If you were wondering about what those commands did, here is the explanation.
This command tells Git to create a remote
called
“origin” and link it to the URL of your GitHub repository. A
remote
is a version control concept where two (or more)
repositories are connected to each other, in such a way that they can be
kept in sync by exchanging commits. “origin” is a name used to refer to
the remote repository. It could be called anything, but “origin” is a
common convention for Git since it shows which is considered the “source
of truth”. This is particularly useful when many people are
collaborating on the same repository.
git branch
is a command used to manage branches. We’ll
discuss branches later on in the course. We saw this command during
setup and earlier in this episode - it ensures the branch we are working
on is called “main”. This will be the default branch of the project for
everyone working on it.
The git push
command is used to update a remote
repository with changes from your local repository. This command tells
Git to update the “main” branch on the “origin” remote. The
-u
flag (short for --set-upstream
) sets the
‘tracking reference’ for the current branch, so that in future
git push
will default to sending to
origin main
.
Summary
We have created a new software project and used version control system Git to track changes to it. We can now look back at our work, compare different code versions, and even recover past states. We have also published our software to a remote repository located on GitHub, where it is both secure and shareable.
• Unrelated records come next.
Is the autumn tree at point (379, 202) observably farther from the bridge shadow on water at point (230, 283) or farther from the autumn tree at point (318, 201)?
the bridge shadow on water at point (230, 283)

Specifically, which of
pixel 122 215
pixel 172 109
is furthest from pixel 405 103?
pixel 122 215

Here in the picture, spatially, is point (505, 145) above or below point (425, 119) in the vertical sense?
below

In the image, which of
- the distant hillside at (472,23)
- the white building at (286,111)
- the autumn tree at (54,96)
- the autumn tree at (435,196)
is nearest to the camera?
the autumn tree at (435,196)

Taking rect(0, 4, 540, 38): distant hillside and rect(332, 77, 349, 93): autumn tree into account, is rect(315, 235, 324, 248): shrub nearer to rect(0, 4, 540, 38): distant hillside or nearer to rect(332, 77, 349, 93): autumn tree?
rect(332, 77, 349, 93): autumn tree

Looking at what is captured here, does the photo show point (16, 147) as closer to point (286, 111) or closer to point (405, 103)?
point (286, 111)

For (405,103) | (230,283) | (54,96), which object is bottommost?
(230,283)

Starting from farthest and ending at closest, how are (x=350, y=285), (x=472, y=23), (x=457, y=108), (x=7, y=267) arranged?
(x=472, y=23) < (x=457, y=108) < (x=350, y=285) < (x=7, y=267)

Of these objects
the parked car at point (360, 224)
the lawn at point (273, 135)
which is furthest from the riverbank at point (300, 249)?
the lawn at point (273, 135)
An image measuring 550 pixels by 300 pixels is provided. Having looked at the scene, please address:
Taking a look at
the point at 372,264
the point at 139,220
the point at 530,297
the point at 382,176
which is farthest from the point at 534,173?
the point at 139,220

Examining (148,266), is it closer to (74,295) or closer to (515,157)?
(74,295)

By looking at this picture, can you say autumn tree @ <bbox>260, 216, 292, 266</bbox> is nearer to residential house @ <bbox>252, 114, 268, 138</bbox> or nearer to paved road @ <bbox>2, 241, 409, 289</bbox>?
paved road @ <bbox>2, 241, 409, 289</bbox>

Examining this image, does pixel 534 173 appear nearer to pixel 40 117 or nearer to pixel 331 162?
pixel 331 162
These skills are critical to reproducible and sustainable science. Software is science, and being able to share the specific version of code used in a paper is required for reproducibility. But we, as researchers, also benefit from having a clear, self-documented record of what we did, when and why. It makes it much easier to track down and fix our bugs, return to work on projects we took a break from, and even for other people to pick up our work.
Before we start making changes to the code, we have to set up a development environment with software dependencies for our project to ensure this metadata about our project is recorded and shared with anyone wishing to download, run or extend our software (and this includes ourselves on a different machine or operating system).
Further reading
We recommend the following resources for some additional reading on the topic of this episode:
- Software Carpentry’s Git Novice lesson
- The Turing Way’s “Guide to Version Control”
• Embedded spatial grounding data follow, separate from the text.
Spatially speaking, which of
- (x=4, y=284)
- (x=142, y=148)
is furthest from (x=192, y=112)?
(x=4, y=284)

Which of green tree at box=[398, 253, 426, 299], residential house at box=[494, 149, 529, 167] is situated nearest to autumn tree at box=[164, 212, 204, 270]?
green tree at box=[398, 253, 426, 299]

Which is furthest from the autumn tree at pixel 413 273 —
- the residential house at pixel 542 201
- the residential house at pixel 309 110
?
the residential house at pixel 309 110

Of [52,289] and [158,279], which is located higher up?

- “How Git Works” course on Pluralsight
- How to Write a Good Commit Message
- Git Commit Good Practice
Also check the full reference set for the course.
Key Points
- Version control systems are software that tracks and manages changes to a project over time
- Using version control aids reproducibility since the exact state of the software that produced an output can be recovered
- A commit represents the smallest unit of change to a project
- Commit messages describe what each commit contains and should be descriptive
- GitHub is a hosting service for sharing and collaborating on software
- Using version control is one of the first steps to creating a software project from a bunch of scripts - by investing in these practices early, researchers can create software that supports their work more effectively and enables others to build upon it with confidence.